Article publié dans le n°1143 (14 janv. 2016) de Quinzaines

Depuis que Baudelaire a fait un concept esthétique de ce néologisme (qu’on rencontre auparavant chez Chateaubriand), la « modernité » n’a cessé d’alimenter la réflexion des auteurs, critiques et théoriciens de la littérature. Devenue accroche publicitaire et médiatique, la notion s’est galvaudée au point de perdre toute pertinence distinctive. Le livre de Jean-Pierre Bertrand vient heureusement rappeler ses origines et son histoire, à partir de la notion d’invention, qui permet d’éclairer les inflexions de la littérature moderne depuis le XIXe siècle.
Jean-Pierre Bertrand
Inventer en littérature. Du poème en prose à l’écriture automatique
Depuis que Baudelaire a fait un concept esthétique de ce néologisme (qu’on rencontre auparavant chez Chateaubriand), la « modernité » n’a cessé d’alimenter la réflexion des auteurs, critiques et théoriciens de la littérature. Devenue accroche publicitaire et médiatique, la notion s’est galvaudée au point de perdre toute pertinence distinctive. Le livre de Jean-Pierre Bertrand vient heureusement rappeler ses origines et son histoire, à partir de la notion d’invention, qui permet d’éclairer les inflexions de la littérature moderne depuis le XIXe siècle.

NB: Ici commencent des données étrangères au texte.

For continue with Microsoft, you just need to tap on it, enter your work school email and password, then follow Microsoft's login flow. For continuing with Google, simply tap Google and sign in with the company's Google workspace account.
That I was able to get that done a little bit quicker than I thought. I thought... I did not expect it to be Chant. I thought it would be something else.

La recherche de Jean-Pierre Bertrand procède de cette question initiale : « si l’on invente en science, que signifie le processus en art et plus particulièrement en littérature ? ». Selon une démarche méthodique, l’auteur interroge d’abord le concept d’invention, et ses caractéristiques particulières – notionnelles et historiques – dans le champ de la littérature, avant de passer en revue les cinq inventions qui, selon lui, ont marqué successivement la modernité littéraire : le poème en prose, le vers libre, le monologue intérieur, le calligramme et l’écriture automatique.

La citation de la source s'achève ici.